Two of Loyola's first three goals occurred during clears, and the team scored two more in transition to record its most lopsided victory since March 22, 2014, when that squad pummeled Lafayette, 21-4.

Junior long-stick midfielder Ryan Fournier scored two goals, and fifth-year senior short-stick defensive midfielder Mike Kutzer and sophomore defenseman Foster Huggins each added assists for the Greyhounds, who improved to 6-3 overall and 3-1 in the conference.

"Our rope is contributing now," Fournier said, referring to two short-stick defensive midfielders and one long-stick midfielder who compose the defensive midfield. "The attack is always contributing, obviously. They're a threat all the time. It was just our poles pushing the ball up and making plays, pushing the ball up quick. We were just flowing. We were just running on all cylinders. Things work when you're playing as a team and pushing the ball."

One reason why Loyola sought to turn the game into a track meet was to avoid the Bison's vaunted 10-man ride, which employs all 10 players and the goalkeeper to prevent an opponent from moving the ball from the defensive end to the offensive zone.

Bucknell's strategy caused the Greyhounds to fail on 4-of-19 clears, but they usually bypassed the 10-man ride by turning stops and turnovers into quick transition.

"I thought when we were able to make that clean save or pick up a ground ball and find our middies, we didn't have to contend with it," Loyola coach Charley Toomey said. "But on a shot out of bounds or a long possession where we couldn't get up the field right away and we had to throw down to a defenseman and go into what we call our three-man where we're kind of going side-to-side, it allowed them to bump into that 10-man, and you saw what it did.
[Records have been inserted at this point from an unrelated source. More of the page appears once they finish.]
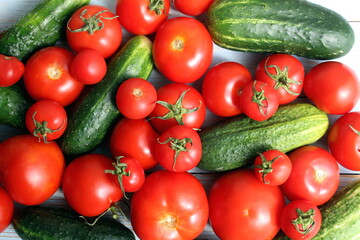 Background from fresh cucumbers and tomato.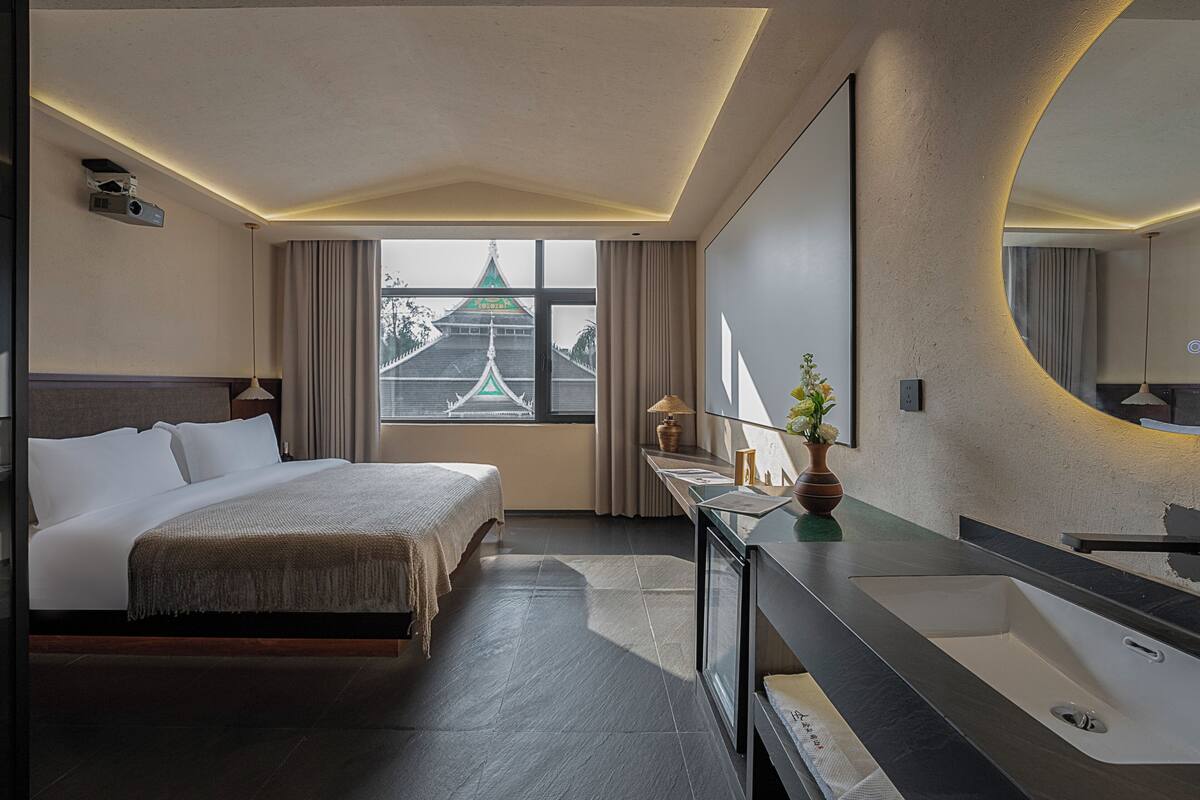 Ein modernes Hotelzimmer mit einem großen Bett, einem Badezimmer mit großem Spiegel und Waschbecken sowie Blick auf ein traditionelles Gebäude vor dem Fenster.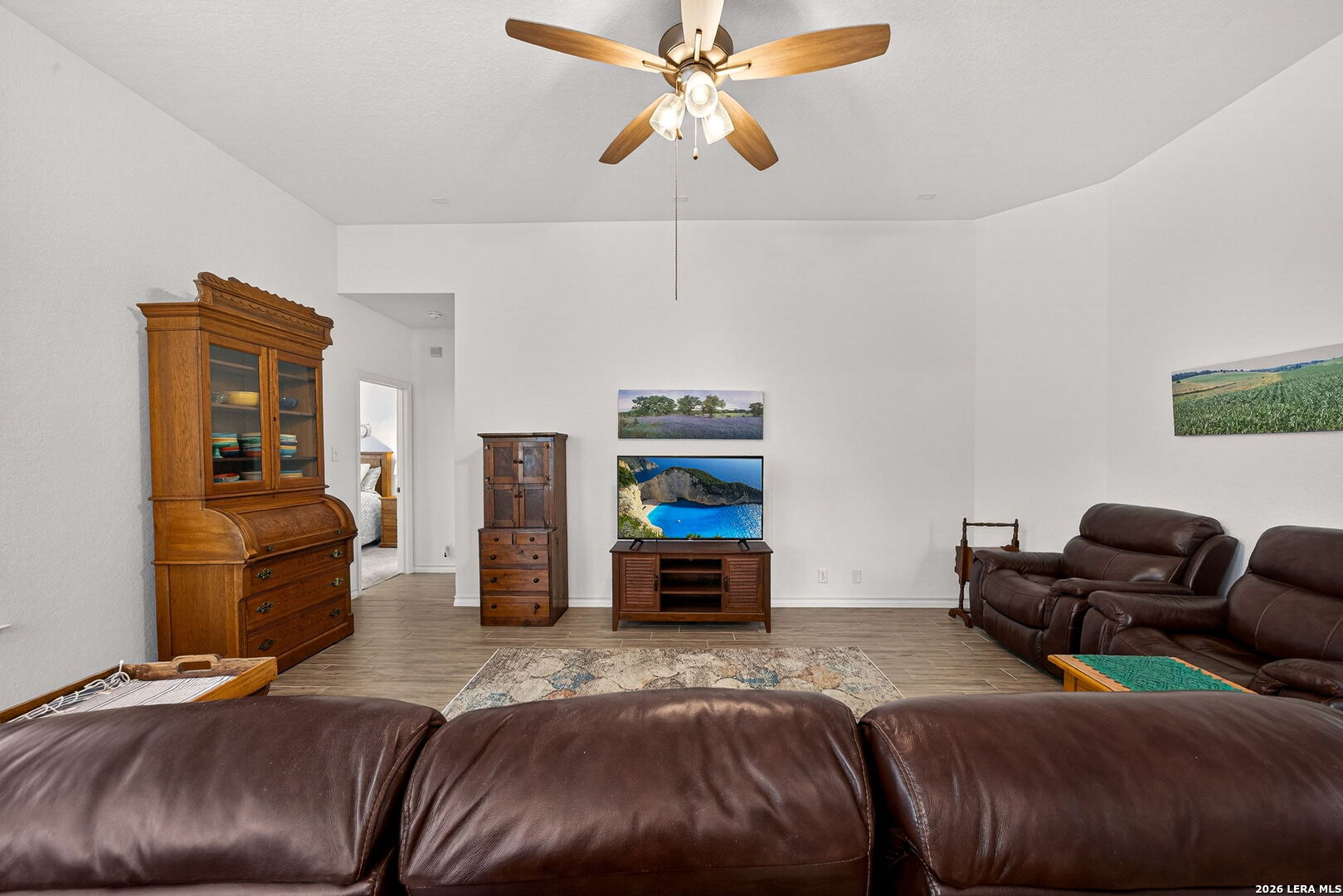 3146 Stokesay Bulverde, TX 78163 - Photo 10 of 30 a bedroom with bed and a couch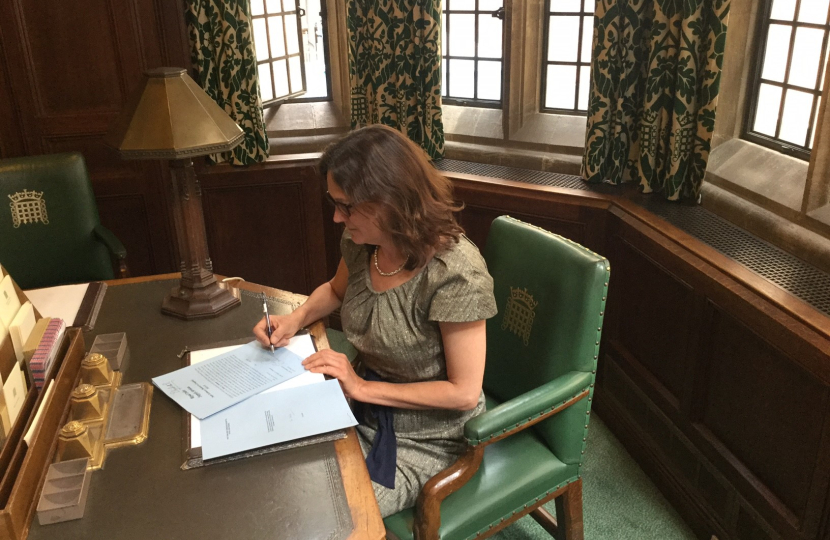 Rebecca signing documents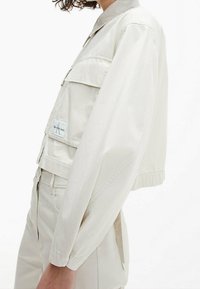 Zkrácená světle béžová bunda z měkkého materiálu, s límcem, dvěma předními kapsami a elastickými manžetami. Jemný detail s logem.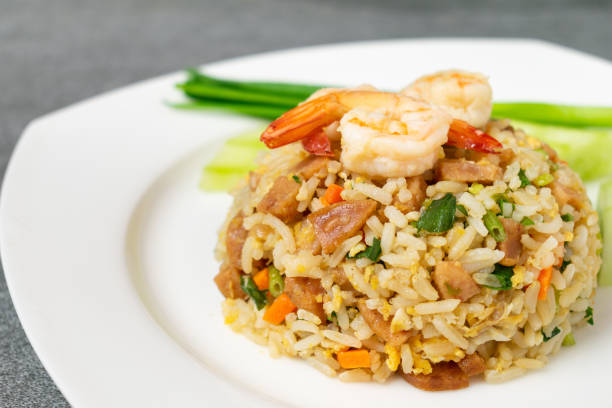 istock Fried rice with shrimp and Chinese sausage in white plate on concrete table. 1170471863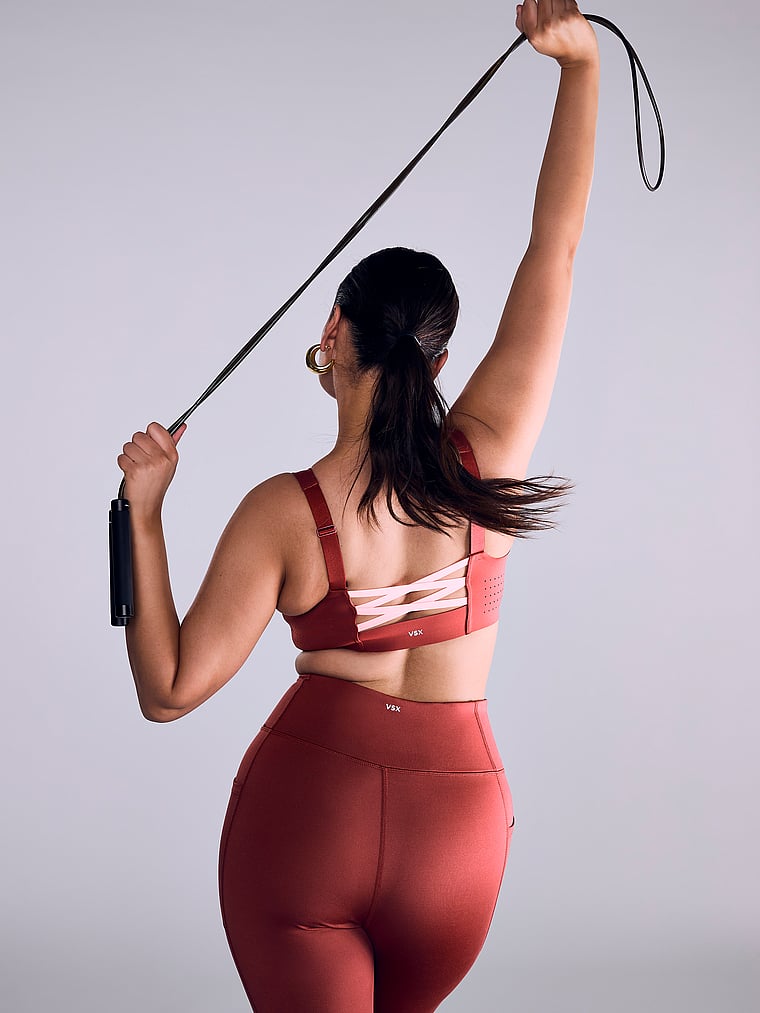 Victoria's Secret, VSX VSX Featherweight Max™ Front-Close Sports Bra, Russet & Coral Flash, onModelSide, 1 of 4 Karmi is 5'10" or 178cm and wears 34DD (E) or Large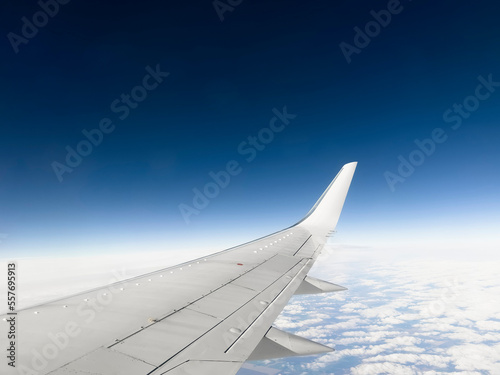 White wing from airplane window on sunny day. Great views of landscape. Aerial view of clouds through a plane window. Wing of airplane with blue sky and beauty clouds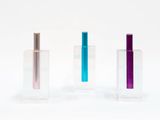 trois vases en verre de couleurs différentes posés côte à côte sur une surface blanche
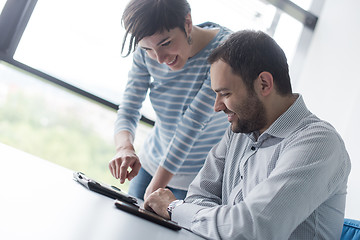 Image showing Two Business People Working With Tablet in startup office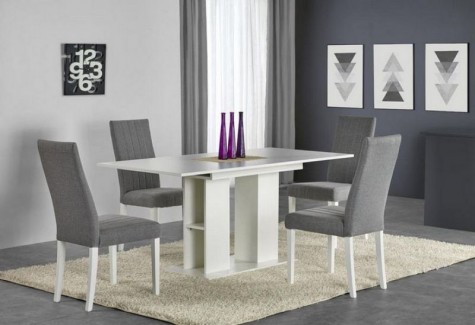 Zestaw mebli z rozkładanym stołem i tapicerowanymi krzesłami na kremowym dywanie w domowej jadalni
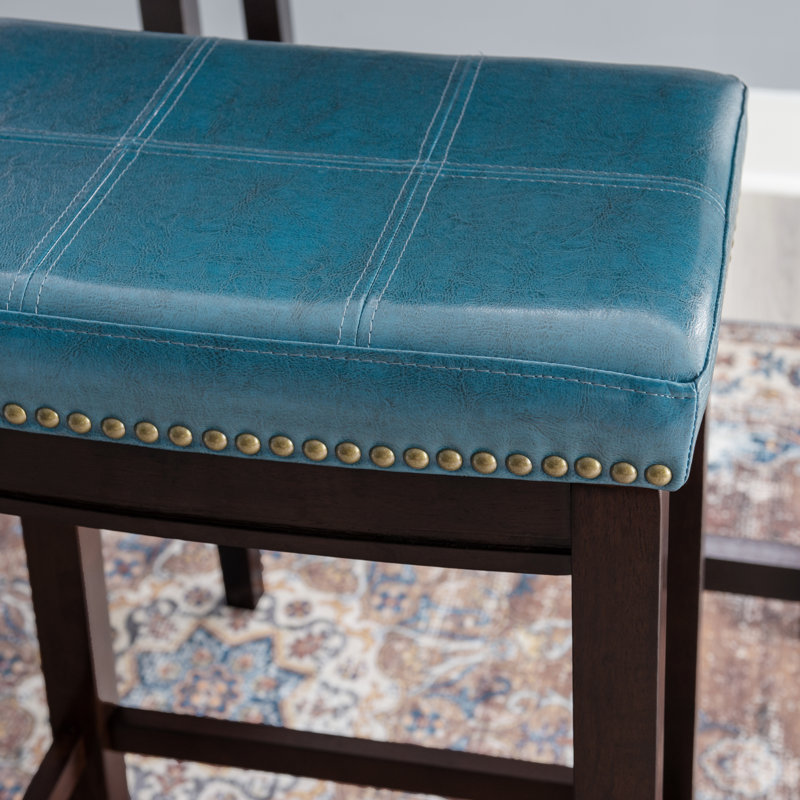 Tabouret de comptoir et de bar en bois massif sans dossier avec siège rembourré Bartonville, Bleu similicuir / Brun foncé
It gave us a hard time. … The biggest key for us was to catch clean saves and to have our middies hunt the ball, have a pole getting over the top, and then we didn't have to contend with any of that."

The Greyhounds scored the game's first goals, enjoyed a 9-1 advantage at halftime, and put the game out of reach with a 4-0 third quarter.

Freshman attackman Pat Spencer (Boys' Latin) led all scorers with seven points on one goal and a career-best six assists and was pulled from the contest after he scored with 11 minutes, 44 seconds left in the fourth quarter.

Junior attackman Jordan Germershausen – filling in for senior Zach Herreweyers (concussion) – scored three goals for his second hat trick in as many games, and junior attackman Zack Sirico chipped in three points on one goal and two assists.

The offense took 48 shots thanks to winning 13-of-21 faceoffs, picking up 31 ground balls to Bucknell's 27, and committing 11 turnovers to the Bison's 18.

And the defense held up its end by keeping Bucknell off the scoreboard for spans of 33:22 and 21:24. Freshman goalkeeper Jacob Stover (McDonogh) made 12 saves in his second consecutive start, Huggins shut out sophomore attackman and leading scorer Will Sands, and the Bison's starting midfield of junior Tommy O'Connor and seniors Thomas Flibotte and Kyle Shanahan accounted for zero goals on 17 shots and one assist.

The three goals surrendered marked a season low for the defense and the fewest Loyola had given up to a Patriot League opponent in its three-year history in the conference.

Sophomore attackman Sean O'Brien paced Bucknell (5-4, 2-3) with two goals and one assist, and senior long-stick midfielder Alex Spring registered four ground balls and two caused turnovers. But coach Frank Fedorjaka said the team failed to match the Greyhounds' transition game.

"I do feel like that was a big part of it," he said. "I feel like there were some opportunities for us to ride. Our ride was terrific when we got in it. Even when they threw it up, it was a loose ball, and they won all those 50-50 ground balls between the lines, and that was what was able to spark their transition. So that was really disappointing because we got a lot of the opportunities that we wanted. We got the ball on the deck quite a bit, but they came up with it. Credit to them. They made the plays and we didn't."